Lärmschutzfenster gibt es aber nur für Schlaf- und Wohnbereiche. Das kann zu einem optischen Sammelsurium führen, was sich bei einem Verkauf des Gebäudes oder bei dessen Beleihung negativ auswirken kann, sagte Anwohner Norbert Ackermann. Gert Bork, Sprecher der Bürgerinitiativen entlang der Betuwe-Linie, berichtete aus dem Saal, dass der Zusammenbruch eines Hauses, etwa durch Erschütterungen, als "privates Problem" bezeichnet worden sei.

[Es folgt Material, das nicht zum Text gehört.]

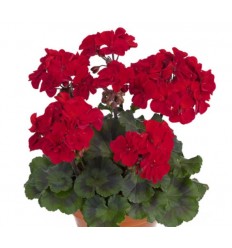 PELARGONIJA KR. ABELINA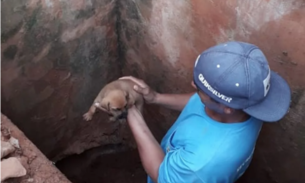 Cachorro sobrevive após passar seis dias dentro de bueiro 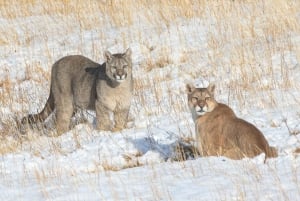 Puerto Natales: Puma Tracking Photo Safari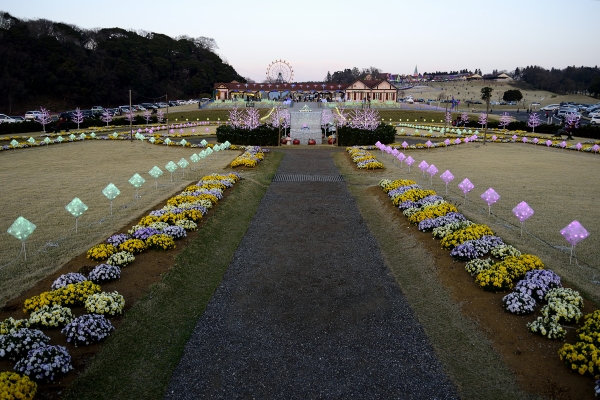 �뉀�C���~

Vor dem Hintergrund des jüngst als Durchbruch gefeierten Kompromisses für mehr Sicherheit barg der Nachmittag mit diesem Thema Brisanz. Auf die Frage, warum die Bahn - im Gegensatz zum Lkw - unterschiedliche Gefahrgüter gleichzeitig transportieren dürfe, sagte Projektleiter Stefan Ventzke, man sei für die Organisation des Bahnbetriebsablaufs nicht zuständig. Zur Forderung nach Hinweisschildern mit Verhaltensregeln bei Gefahrgutunfällen auf Bahnsteigen hieß es, das sei allgemeines Lebensrisiko.

Im weiteren Verlauf forderten Betroffene Einsicht in die Ausführungsplanung. Wann wo was gebaut wird, ist ihnen ebenso wichtig wie Fragen nach der Verkehrsführung sowie Baustraßen, zu erwartenden Belästigungen durch Dreck, zur Beweissicherung, Pestiziden im Schotter, Sicht- und Staubschutzplanen und Wiederherstellung der Gärten.

Gegen 17 Uhr war die komplette Erörterungsfortsetzung diesmal gelaufen. Die vorsorglich bis einschließlich morgen vorgesehenen Termine sind hinfällig. Die federführende Bezirksregierung hatte ordentlich aufs Tempo gedrückt. Ums Ganze geht es, wenn der Planfeststellungsbeschluss kommt, gegen dessen Details dann geklagt werden kann. Das darf jetzt auch die Bürgerinitiative, denn sie ist ganz frisch als Umweltverband anerkannt worden. Übrigens kann eine neue Offenlage des Sicherheitspakets folgen, weil die jüngsten Änderungen etliche Anlieger betreffen.